◆ Excerpted data:
Content starts

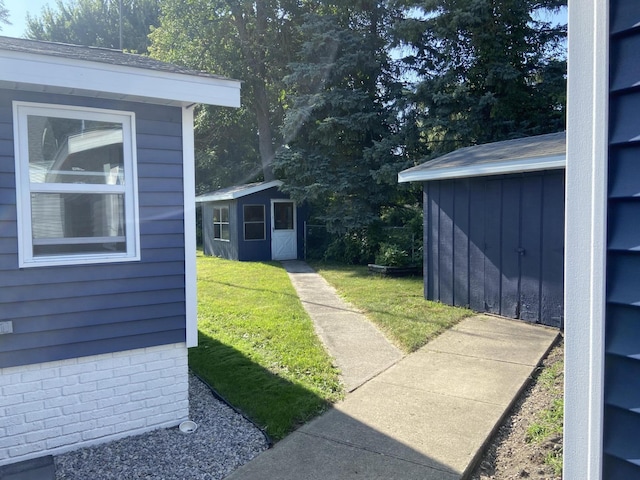 view of yard with a storage unit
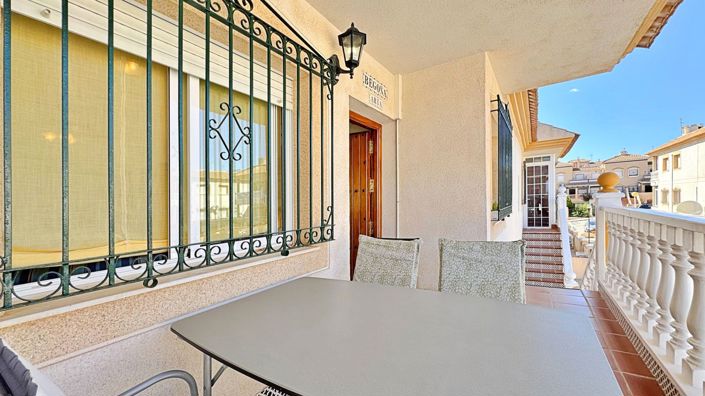 Image No.25-2 Bed Apartment for sale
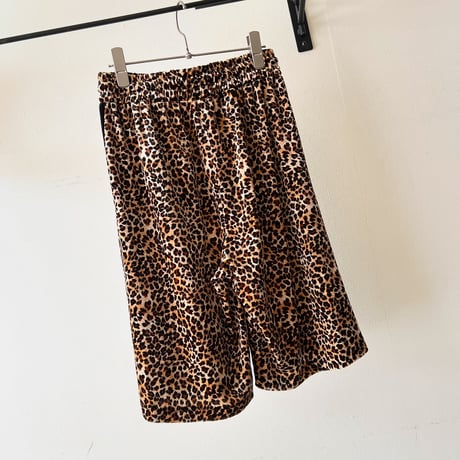 Leopard Pattern Side Line Velours Short Pants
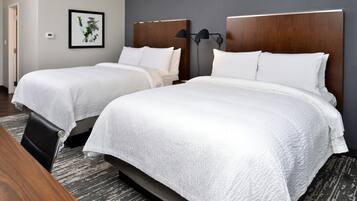 Hypoallergeen beddengoed, een bureau, verduisterende gordijnen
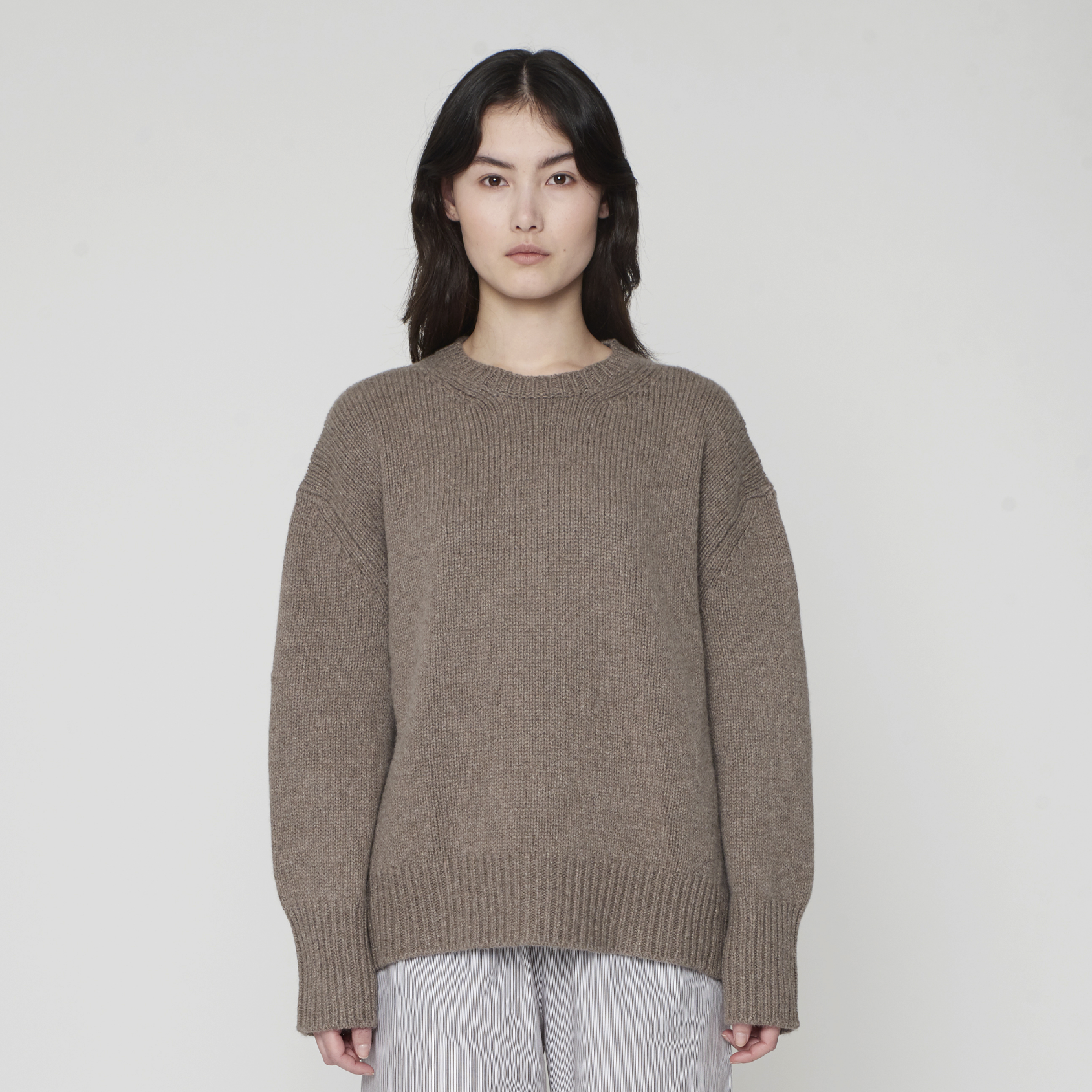 Colin Crewneck Sweater Light Brown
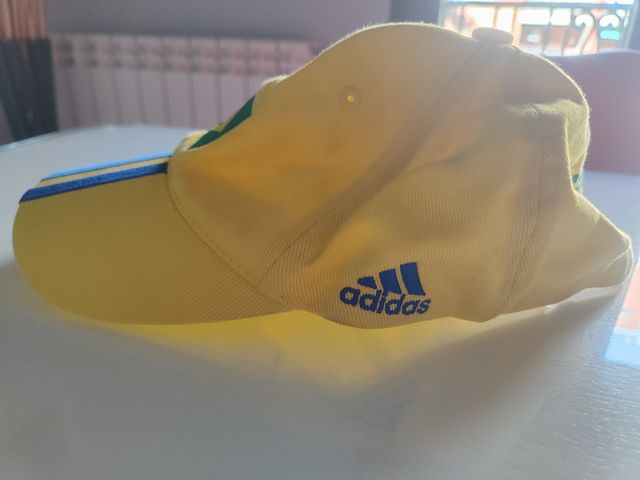 Gorra Brasil Amarilla y Azul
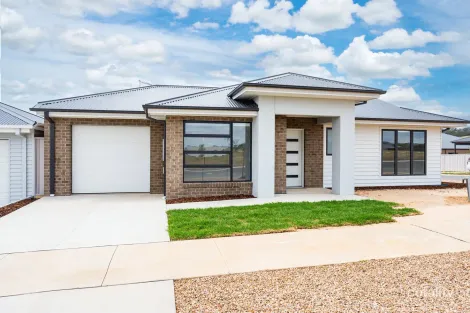 14 Stobie Cres, Leneva, VIC 3691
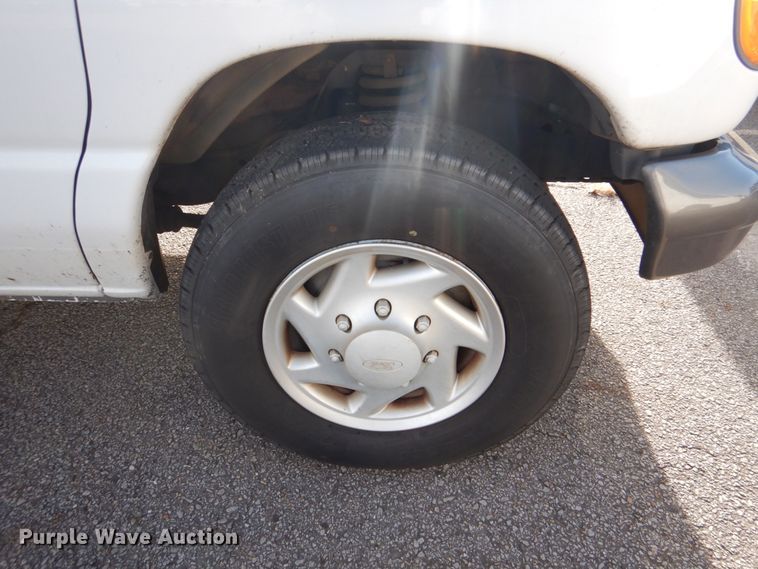 image for item HL9303 2007 Ford E350  handicap accessible van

Content ends

◆ What the task asks: Please restate the whole listing exactly, without any of its pictures.

◆ Solution to this task:
 view of yard with a storage unit
 Image No.25-2 Bed Apartment for sale
 Leopard Pattern Side Line Velours Short Pants
 Hypoallergeen beddengoed, een bureau, verduisterende gordijnen
 Colin Crewneck Sweater Light Brown
 Gorra Brasil Amarilla y Azul
 14 Stobie Cres, Leneva, VIC 3691
 image for item HL9303 2007 Ford E350  handicap accessible van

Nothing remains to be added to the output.